COLLECTED DATA:
■ ■ ■ ■ ■

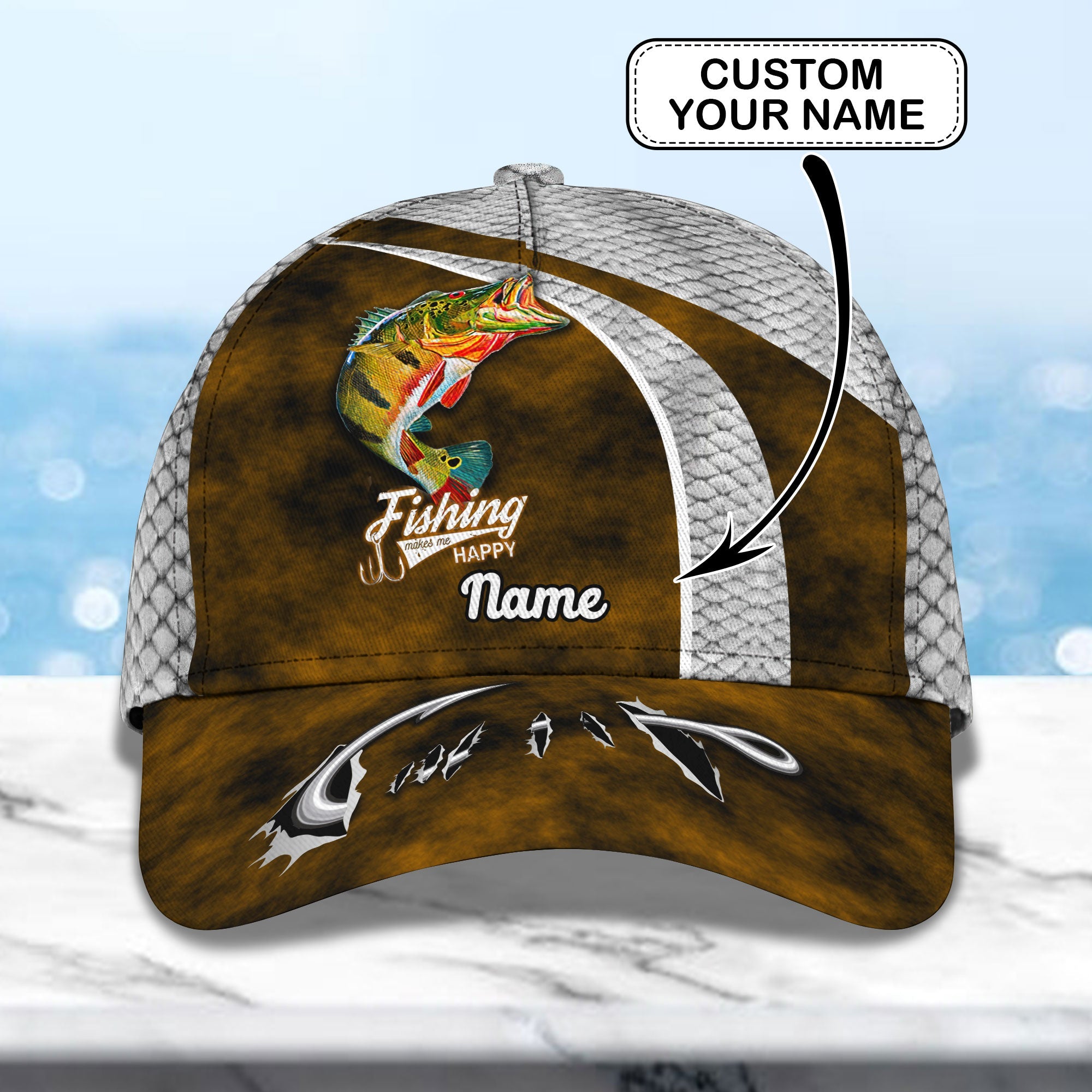 Peacock Bass Fishing 06 - Personalize Name Cap - 163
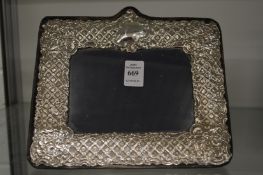 A silver photograph frame.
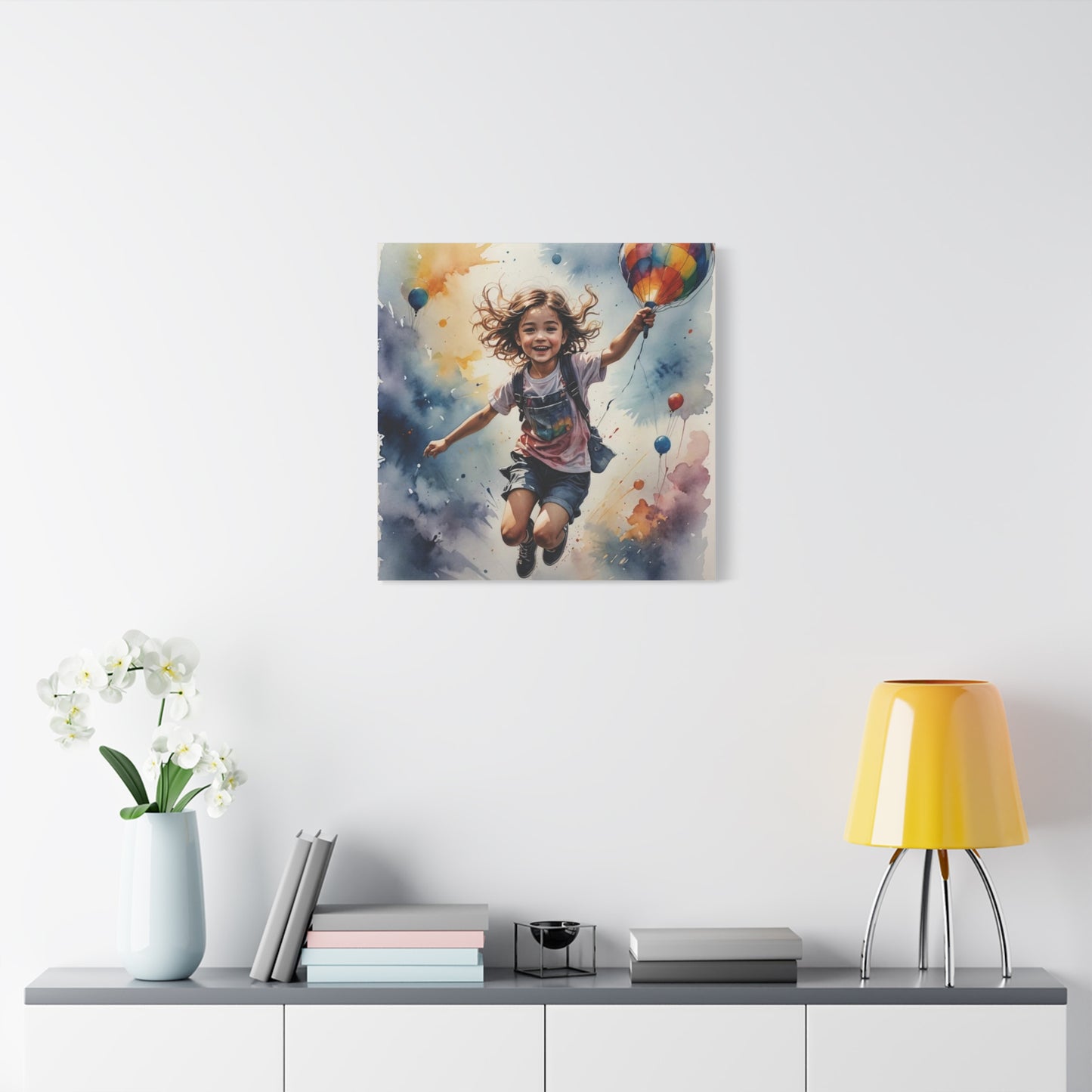 Little Boy with a Balloon Canvas Art - Children's Room Art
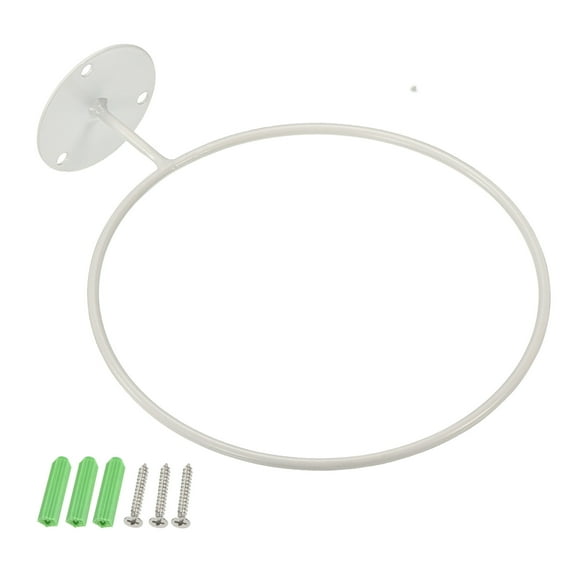 Uxcell 7.25'' Ring Wall Mounted Stand Rack Flower Pot Holder, White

■ ■ ■ ■ ■

DIRECTIONS:
Starting with the line that holds "Little Boy with", print each line through the last one of the data exactly as written, but do not include the pictures.

EXERCISE RESULT:
 Little Boy with a Balloon Canvas Art - Children's Room Art
 Uxcell 7.25'' Ring Wall Mounted Stand Rack Flower Pot Holder, White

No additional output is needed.